Alloggi: ci siamo interrogati a lungo e alla fine abbiamo deciso di prenotare, in quanto altissima stagione. Col senno di poi, a Naxos non sarebbe stato necessario perché l’offerta di studios è sterminata. Il suggerimento è di prenotare solo la prima notte e poi guardarsi in giro per cercare quello che vi interessa. Così facendo si spuntano prezzi decisamente allettanti; dall’Italia, cercando su internet non avevamo trovato nulla a meno di 70 € a notte, mentre sull’isola si trova a 50, 40 e persino 30 € a notte (in due) in pieno agosto! Con un po’ di tempo e pazienza si possono fare veri affaroni. E’ chiaro che, senza prenotazione in alta stagione con permanenze medio-lunghe, il rischio è di dover cambiare almeno un paio di sistemazioni, ma economicamente potrebbe valerne la pena. Su Paros invece la scelta di giocare d’anticipo si è rivelata corretta. Abbiamo notato un’offerta di studios decisamente minore e prezzi più alti. Specialmente intorno a Parikia le sistemazioni non sono numerose come avevamo immaginato.

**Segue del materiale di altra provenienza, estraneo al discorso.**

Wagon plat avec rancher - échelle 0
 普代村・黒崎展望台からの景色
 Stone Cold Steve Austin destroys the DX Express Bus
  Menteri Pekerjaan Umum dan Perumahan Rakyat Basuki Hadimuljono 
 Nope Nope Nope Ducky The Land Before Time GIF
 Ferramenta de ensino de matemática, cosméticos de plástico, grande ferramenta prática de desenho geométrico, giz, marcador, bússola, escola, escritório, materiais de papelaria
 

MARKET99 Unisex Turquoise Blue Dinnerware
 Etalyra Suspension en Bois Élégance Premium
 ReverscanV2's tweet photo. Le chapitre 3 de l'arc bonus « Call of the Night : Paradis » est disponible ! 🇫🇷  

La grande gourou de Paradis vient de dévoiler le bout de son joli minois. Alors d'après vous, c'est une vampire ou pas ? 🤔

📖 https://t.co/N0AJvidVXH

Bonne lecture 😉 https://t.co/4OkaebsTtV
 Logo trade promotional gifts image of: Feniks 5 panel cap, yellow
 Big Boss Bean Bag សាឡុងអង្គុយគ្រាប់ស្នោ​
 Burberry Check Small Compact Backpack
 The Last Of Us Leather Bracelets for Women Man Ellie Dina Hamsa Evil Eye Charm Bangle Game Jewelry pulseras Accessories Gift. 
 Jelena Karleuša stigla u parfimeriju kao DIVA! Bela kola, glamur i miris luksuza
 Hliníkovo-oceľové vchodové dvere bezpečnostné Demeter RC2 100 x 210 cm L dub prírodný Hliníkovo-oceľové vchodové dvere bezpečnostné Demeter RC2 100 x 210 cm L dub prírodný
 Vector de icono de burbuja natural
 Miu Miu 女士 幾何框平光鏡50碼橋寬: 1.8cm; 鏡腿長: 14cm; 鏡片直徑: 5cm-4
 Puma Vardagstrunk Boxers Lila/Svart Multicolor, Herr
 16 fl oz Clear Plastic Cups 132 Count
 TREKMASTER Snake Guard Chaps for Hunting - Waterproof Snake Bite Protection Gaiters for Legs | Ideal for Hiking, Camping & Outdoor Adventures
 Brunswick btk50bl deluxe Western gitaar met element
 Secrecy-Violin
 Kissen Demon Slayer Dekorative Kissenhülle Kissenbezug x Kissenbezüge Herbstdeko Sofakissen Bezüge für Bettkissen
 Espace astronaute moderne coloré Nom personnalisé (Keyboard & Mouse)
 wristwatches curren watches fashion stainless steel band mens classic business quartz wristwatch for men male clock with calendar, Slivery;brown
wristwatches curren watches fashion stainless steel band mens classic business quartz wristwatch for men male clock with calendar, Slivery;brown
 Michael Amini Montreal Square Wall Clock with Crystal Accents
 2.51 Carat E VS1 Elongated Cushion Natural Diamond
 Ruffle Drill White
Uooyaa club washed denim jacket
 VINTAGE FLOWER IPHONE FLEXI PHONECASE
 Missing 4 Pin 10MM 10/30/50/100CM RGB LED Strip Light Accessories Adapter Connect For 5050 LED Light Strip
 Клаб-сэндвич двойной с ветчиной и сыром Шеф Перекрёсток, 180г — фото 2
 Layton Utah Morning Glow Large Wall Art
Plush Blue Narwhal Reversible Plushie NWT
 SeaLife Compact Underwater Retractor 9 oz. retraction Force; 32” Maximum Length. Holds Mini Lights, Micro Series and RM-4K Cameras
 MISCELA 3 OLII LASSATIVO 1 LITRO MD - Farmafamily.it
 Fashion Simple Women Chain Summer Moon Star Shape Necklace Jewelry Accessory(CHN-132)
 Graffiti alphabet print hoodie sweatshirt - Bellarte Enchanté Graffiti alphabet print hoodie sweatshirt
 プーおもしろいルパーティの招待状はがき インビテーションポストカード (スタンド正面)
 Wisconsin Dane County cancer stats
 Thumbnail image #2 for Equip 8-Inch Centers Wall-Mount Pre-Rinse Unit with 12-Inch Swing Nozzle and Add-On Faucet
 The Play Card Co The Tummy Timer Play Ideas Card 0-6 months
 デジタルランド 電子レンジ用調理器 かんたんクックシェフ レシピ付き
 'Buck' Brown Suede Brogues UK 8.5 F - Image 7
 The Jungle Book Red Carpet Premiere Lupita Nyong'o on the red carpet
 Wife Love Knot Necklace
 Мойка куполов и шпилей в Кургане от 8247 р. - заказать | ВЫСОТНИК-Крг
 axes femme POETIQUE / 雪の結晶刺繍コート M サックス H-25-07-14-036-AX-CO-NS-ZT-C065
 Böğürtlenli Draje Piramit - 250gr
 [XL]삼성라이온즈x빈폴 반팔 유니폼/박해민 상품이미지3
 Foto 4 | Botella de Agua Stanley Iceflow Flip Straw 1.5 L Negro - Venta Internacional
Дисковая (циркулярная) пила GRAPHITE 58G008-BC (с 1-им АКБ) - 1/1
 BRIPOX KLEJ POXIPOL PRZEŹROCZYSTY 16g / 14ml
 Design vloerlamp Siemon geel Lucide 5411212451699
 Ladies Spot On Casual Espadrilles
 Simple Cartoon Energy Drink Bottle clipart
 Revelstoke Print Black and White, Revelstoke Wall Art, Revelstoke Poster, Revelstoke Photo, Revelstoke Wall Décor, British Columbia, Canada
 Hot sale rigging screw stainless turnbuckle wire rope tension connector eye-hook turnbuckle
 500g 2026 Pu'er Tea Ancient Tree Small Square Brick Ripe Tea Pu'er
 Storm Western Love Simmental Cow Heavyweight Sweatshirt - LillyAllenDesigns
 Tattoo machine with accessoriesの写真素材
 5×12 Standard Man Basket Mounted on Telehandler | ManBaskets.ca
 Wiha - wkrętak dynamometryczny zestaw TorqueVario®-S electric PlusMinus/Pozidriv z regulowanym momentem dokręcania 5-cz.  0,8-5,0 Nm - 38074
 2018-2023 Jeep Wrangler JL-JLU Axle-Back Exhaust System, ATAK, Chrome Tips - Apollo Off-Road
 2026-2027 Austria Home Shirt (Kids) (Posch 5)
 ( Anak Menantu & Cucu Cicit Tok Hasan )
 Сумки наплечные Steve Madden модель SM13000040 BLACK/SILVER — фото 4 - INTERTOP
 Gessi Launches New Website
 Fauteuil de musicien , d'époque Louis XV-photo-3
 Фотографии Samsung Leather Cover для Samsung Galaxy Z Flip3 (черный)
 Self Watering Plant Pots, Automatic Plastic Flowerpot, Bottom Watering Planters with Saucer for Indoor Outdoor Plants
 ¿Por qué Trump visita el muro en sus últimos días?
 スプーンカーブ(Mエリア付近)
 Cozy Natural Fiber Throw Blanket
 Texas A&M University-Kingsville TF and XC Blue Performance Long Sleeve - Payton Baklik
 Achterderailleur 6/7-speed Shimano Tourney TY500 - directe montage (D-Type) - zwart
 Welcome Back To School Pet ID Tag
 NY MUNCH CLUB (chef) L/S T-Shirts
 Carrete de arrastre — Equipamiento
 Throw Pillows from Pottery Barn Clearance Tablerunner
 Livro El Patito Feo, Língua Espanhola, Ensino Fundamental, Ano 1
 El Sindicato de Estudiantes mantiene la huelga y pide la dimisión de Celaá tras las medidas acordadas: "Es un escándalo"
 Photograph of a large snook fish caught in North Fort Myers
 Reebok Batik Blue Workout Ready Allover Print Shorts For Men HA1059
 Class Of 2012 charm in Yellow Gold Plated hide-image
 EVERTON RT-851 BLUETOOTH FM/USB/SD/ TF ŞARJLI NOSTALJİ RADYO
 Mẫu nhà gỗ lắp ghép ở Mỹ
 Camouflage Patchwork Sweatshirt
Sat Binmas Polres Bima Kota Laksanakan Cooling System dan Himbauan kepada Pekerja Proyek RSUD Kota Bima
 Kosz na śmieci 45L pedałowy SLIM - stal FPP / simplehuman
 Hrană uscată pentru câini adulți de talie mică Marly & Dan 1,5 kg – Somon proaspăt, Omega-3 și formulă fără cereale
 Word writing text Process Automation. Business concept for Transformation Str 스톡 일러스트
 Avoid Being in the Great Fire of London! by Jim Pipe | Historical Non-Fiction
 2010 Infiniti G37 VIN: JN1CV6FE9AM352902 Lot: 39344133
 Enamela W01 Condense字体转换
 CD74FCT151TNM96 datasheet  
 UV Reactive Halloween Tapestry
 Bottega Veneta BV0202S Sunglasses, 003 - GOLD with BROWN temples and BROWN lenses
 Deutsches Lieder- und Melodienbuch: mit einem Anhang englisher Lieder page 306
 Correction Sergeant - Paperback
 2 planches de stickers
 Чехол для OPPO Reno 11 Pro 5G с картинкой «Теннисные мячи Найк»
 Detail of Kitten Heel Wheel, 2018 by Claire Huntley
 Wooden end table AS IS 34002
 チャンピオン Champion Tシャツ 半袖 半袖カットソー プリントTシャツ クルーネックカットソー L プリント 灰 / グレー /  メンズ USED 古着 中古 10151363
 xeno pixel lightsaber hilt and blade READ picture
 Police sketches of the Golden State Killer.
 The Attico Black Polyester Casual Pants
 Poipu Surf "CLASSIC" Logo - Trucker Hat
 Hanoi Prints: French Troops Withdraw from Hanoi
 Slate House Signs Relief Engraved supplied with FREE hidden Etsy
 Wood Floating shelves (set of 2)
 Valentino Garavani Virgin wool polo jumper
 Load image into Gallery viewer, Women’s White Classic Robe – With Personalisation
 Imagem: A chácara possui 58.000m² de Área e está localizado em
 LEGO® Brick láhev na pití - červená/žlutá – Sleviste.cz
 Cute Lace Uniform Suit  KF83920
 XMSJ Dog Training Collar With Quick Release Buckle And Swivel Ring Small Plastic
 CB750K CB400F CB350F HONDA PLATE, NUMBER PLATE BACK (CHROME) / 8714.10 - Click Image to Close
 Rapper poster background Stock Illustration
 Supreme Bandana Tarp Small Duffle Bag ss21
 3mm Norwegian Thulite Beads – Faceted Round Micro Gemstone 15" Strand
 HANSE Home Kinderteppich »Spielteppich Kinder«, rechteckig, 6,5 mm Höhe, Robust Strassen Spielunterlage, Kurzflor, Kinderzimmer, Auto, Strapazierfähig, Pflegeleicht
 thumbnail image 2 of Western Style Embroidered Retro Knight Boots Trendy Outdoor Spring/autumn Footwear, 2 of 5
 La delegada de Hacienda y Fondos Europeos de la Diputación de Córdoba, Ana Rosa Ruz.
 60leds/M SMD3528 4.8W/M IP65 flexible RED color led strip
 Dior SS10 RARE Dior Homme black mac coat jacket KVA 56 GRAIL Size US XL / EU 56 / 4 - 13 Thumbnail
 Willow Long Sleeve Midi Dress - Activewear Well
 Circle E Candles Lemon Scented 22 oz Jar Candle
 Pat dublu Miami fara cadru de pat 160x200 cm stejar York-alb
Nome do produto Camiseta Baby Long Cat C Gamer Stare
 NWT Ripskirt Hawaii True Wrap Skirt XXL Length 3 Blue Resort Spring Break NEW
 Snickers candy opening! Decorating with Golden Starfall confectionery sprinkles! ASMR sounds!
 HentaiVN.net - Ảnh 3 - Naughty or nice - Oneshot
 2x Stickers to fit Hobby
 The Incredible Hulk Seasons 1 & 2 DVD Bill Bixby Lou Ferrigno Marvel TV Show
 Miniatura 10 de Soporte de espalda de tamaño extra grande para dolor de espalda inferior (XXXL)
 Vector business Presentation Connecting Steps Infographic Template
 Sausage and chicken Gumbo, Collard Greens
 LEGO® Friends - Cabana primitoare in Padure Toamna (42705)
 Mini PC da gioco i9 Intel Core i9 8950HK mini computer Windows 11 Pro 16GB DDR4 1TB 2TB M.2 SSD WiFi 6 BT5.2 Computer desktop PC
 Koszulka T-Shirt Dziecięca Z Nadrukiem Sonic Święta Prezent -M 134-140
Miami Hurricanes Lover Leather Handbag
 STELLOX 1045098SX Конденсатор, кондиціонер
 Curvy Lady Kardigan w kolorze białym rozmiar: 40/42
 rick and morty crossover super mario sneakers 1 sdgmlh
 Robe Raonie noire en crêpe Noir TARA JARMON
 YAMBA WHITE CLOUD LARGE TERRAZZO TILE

Tempi di viaggio: Il volo Fiumicino-Atene dura un paio d’ore, ma per un problema tecnico (mancata chiusura del portellone della stiva) il nostro ha accumulato 3 ore di ritardo facendoci perdere il traghetto al Pireo. Anche questo era stato prenotato in anticipo tramite internet; in alta stagione è decisamente consigliato, infatti ci siamo trovati di fronte ad un tutto esaurito per 4 giorni. L’unica possibilità, per non restare bloccati 4 giorni ad Atene, è stata dirottare su Paros, dormire lì (anche alle 2 di notte il molo di attracco è gremito dai proprietari delle domatia che offrono sistemazioni dell’ultimo minuto) e ripartire per Naxos la mattina successiva. Dall’aeroporto di Atene si arriva al Pireo in due modi: o con l’autobus X96, che parte davanti al gate 5/6 degli arrivi (costo 3,20 € a persona, durata del tragitto 1h.10’, partenze ogni 15-20 minuti) o con la metropolitana (linea 3-blu fino a Plakentias, poi si cambia treno e si prosegue fino a Monastiraki, dove si prende la linea 1-verde fino al Pireo: ci vuole un’oretta abbondante, costo 6 € ma se siete almeno in due c’è un biglietto cumulativo da 10 €).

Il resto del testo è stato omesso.